Joe Stephen Gatting (born 25 November 1987) is a cricket coach and former first-class cricketer and footballer who played for Sussex and Hampshire, as well as Brighton & Hove Albion.

==Football career==

Gatting came through the youth ranks at Brighton & Hove Albion garnering a reputation as a prolific goalscorer. He made his first team debut as a substitute against Southampton on 2 January 2006 and scored in the Seagulls biggest win at Withdean Stadium, an 8–0 victory over Northwich Victoria in the F.A. Cup first round in November 2006.

On 13 September 2007, Gatting joined Conference National side Woking on loan for 3 months after finding first-team opportunities at the Albion difficult after the arrival of summer signing Nicky Forster.

Gatting returned to Brighton in December 2007 and once again found it difficult to find first-team opportunities.

At the start of the 2008–09 season, Gatting joined Conference South side Bognor Regis Town on a month's loan and was released by Brighton & Hove Albion on 31 October 2008, before leaving full-time football altogether to take up a career in cricket.

In November 2008 he signed for Sussex County League team Whitehawk and was selected to play for Sussex after just one appearance. He then linked up with Sussex CCC for winter training and joined the county cricket team on non-contract terms for the 2009 season.

He returned to play for Whitehawk in the 2010–11 season, scoring 12 goals before leaving once more in January 2011 to return to cricket with Sussex. His manager Darren Freeman praised his contribution and hoped to see him return in the future.

In 2014–15 he was playing for the East Sussex side Peacehaven & Telscombe in the Ryman Isthmian Football League, before relocating to Norfolk where he joined Dereham Town of the Isthmian League North Division in July 2016, where he played until the end of the 2018–19 season.

==Cricket career==
Gatting took up cricket for the 2009 season after giving up full-time football. He was expected to do well in the T20 format of the game.

Gatting scored a century on his debut for Sussex making 110 against Surrey in the Pro ARCH Trophy in Dubai. He then scored 152 during his first-class debut for Sussex against Cambridge University at Fenner's in the opening match of the 2009 domestic season.

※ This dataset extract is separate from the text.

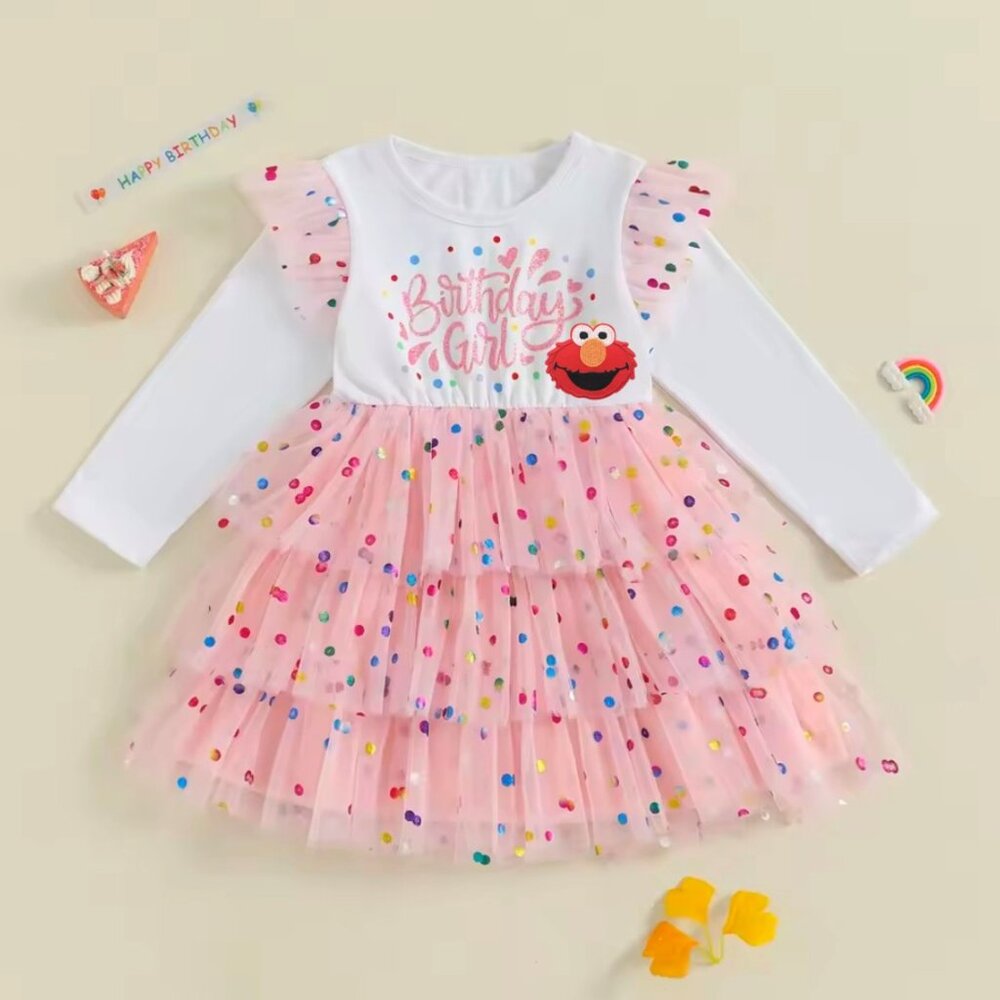 Birthday Girl Pink Polka Dot Tulle Dress for Kids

A successful start to the season continued at Hove in the Friends Provident Trophy, when on successive days Gatting hit 34 from 47 balls against Surrey, following it up with his maiden List A half century against Durham on Monday 12 May, a round 50 from 61 balls. On 30 August 2009 Gatting was on 99 not out against Yorkshire when the game was abandoned due to rain.

In 2013 he was released after five seasons with Sussex and joined Hampshire on a two-year contract.

At the end of the 2015 season, it was announced that Gatting was one of three players who were being released by Hampshire as their contracts expired.

After moving to Norfolk, Gatting played for six seasons from 2015 to 2021 as the professional for Swardeston Cricket Club near Norwich, in the East Anglian Premier League. During his time there, which also included a spell as vice-captain and then captain, Swardeston won the national NatWest Club T20 title in 2016 and became the first club in the country to do the national club double by winning the Royal London Club Championship at Lord’s and the Vitality Club T20 at Derbyshire.

Having played twice for Minor Counties Northumberland in 2019, he signed to play as Suffolk's red and white ball professional for the 2021 season.

up to 2021, Gatting divided his time between Norfolk and the family home in Adelaide, South Australia, where he had founded Joe Gatting Cricket Coaching in 2020.

In 2020 he was appointed captain and head coach of Tea Tree Gully District Cricket Club, a South Australian Cricket Association A Grade side situated on the outskirts of Adelaide.

In 2024 and 2025 he was playing in the English summer for Great Witchingham CC, near Norwich, as well as coaching for the Root Academy.

==Personal life==
Joe Gatting is the son of former Arsenal and Brighton & Hove Albion footballer Steve Gatting. His uncle is former England cricketer Mike Gatting.

Gatting attended Cardinal Newman Catholic School in Hove, followed by Brighton College.

He also coached cricket at Norwich School.

Gatting maintains that while playing sport you should always think back and play for the little boy who fell in love with the game.